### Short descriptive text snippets
>>>
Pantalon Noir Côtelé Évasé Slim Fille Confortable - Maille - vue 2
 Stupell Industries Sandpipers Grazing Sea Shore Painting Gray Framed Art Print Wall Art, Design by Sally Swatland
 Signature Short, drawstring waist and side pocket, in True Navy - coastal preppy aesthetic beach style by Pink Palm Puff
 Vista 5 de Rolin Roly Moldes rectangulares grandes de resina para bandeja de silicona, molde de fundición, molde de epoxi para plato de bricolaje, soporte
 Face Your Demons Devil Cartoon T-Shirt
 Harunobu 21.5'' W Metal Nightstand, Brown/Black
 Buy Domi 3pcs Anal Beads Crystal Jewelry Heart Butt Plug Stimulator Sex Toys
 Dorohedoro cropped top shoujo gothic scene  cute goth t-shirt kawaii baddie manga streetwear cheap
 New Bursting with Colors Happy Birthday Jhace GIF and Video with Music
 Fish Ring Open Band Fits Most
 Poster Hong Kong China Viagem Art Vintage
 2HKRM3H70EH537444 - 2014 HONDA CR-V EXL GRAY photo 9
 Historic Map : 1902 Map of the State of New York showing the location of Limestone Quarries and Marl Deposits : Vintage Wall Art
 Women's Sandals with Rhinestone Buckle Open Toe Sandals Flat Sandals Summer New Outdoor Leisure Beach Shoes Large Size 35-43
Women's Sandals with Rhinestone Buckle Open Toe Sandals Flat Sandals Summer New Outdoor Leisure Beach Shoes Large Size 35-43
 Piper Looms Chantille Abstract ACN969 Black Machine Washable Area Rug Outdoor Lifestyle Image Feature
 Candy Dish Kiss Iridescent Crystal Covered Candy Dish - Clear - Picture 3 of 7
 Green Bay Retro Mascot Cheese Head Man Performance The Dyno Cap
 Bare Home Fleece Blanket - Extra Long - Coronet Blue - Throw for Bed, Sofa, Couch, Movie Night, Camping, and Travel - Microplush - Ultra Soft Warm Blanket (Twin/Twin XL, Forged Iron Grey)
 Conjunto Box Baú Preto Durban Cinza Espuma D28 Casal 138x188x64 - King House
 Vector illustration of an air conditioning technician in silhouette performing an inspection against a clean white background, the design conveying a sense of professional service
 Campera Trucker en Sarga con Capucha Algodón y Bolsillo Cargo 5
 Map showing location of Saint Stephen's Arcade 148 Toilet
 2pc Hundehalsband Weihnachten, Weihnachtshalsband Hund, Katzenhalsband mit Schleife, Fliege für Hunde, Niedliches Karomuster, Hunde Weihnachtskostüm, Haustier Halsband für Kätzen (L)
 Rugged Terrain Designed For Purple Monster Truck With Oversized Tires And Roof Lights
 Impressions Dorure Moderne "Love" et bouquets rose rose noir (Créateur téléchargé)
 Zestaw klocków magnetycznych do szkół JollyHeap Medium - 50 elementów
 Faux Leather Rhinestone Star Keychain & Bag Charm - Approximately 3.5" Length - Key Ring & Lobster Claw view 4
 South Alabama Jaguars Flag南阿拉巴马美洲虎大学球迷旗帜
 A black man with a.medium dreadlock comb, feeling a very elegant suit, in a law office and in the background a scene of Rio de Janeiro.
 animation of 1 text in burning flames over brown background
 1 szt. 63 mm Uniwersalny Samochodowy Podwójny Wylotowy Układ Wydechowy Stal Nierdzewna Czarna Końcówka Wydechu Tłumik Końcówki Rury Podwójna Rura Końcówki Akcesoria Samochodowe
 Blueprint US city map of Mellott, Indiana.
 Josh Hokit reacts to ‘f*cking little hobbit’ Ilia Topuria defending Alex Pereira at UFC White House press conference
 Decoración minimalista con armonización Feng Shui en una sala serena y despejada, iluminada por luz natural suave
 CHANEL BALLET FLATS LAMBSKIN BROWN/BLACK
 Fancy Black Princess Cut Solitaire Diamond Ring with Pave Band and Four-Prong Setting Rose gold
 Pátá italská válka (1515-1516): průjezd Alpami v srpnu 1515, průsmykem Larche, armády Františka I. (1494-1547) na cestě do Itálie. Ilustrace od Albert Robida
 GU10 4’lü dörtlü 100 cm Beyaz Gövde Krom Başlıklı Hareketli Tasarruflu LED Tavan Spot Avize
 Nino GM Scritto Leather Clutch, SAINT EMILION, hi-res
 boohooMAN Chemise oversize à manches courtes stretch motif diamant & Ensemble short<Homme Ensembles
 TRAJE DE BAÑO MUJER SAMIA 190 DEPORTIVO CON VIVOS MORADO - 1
<<<
### Exercise aim
Look above for the line with "2pc Hundehalsband Weihnachten, Weihnachtshalsband"; retype exactly that line, every line after it up to the line with "Rugged Terrain Designed", and that line too, nothing else.

### Answer section
 2pc Hundehalsband Weihnachten, Weihnachtshalsband Hund, Katzenhalsband mit Schleife, Fliege für Hunde, Niedliches Karomuster, Hunde Weihnachtskostüm, Haustier Halsband für Kätzen (L)
 Rugged Terrain Designed For Purple Monster Truck With Oversized Tires And Roof Lights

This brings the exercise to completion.